Easy Italian Pasta Salad is the number one dish that I make for a potluck or church events. I keep nearly everything I need on hand to make it so I can make it on a whim or to give away.
Recently my husband brought home a large bag of cherry tomatoes from work. As I racked my brain as to how I should use them I realized I could just whip up a big bowl of the pasta salad and I only needed a cucumber so I sent hubby to the store to pick one up.
I grabbed a box of multi colored rotini and a small can of sliced olives that I got cheaper through Ibotta . I grabbed 8 individually wrapped string cheese snacks, a bottle of Italian Dressing and went to work. You want to cook the noodles just Al dente, to avoid mushy noodles. Also you’ll need to cool the noodles down (rinse with cold water, refrigerator or freezer for a few minutes). Then you add the rest of your ingredients. Stir in the Italian dressing, refrigerate for a few hours..and viola…you have a simple, delicious pasta salad!
This recipe is very flexible thus feel free to add what your family prefers and omit other ingredients if needed. That’s what is nice about it being a simple recipe. You want this low maintenance and something that makes everyone happy to see!
Easy Italian Pasta Salad
- 1 Box (12-16 oz) Tri Color Rotini
- 2 Cups Cherry Tomatoes
- 1 Bottle (12-16 oz) Italian Dressing non creamy
- 8 individually wrapped packages of String Cheese removed from plastic and cubed
- 1 Can (2.25 oz) Sliced Olives drained
- 1-2 Medium Cucumbers Peeled and sliced
- Boil the noodles al dente, which instructions will be labeled on the box, approximately 9 minutes. Drain, place in a large bowl and place in the freezer or fridge to cool them back off temporarily. You can rinse them with cool water as well.
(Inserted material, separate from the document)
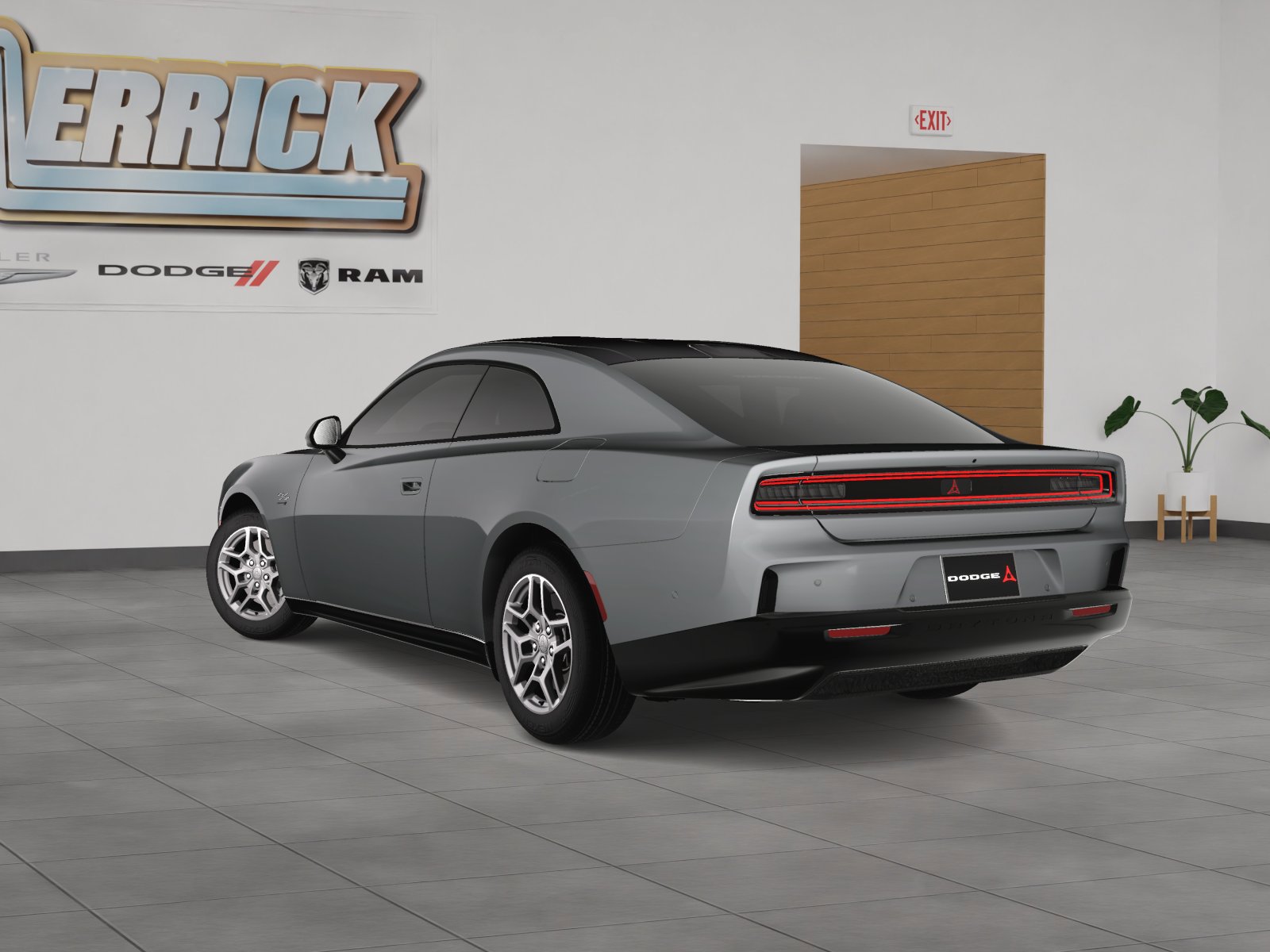 2025 Dodge Charger R/T photo 4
- While the noodles are cooking, clean your tomatoes and cucumber. Unpeel the string cheese and cube into small bite size chunks. Peel and chop the cucumber into bite size slices. Cherry Tomatoes generally do not need to be chopped.
- Once the cooked noodles have cooled down for a few minutes, pull them back out of the fridge or freezer and pour a small amount of the Italian Dressing over the noodles and stir. Add the tomatoes, cucumbers, drained olive slices, and chopped string cheese and mix, add more of the Italian Dressing until you feel it’s well saturated.
- Put the salad back in the refrigerator, covered, and let it sit for at least 2-4 hours before serving. I typically reserve a bit of Italian dressing to add right before serving as the first coating soaks up a bit in the fridge.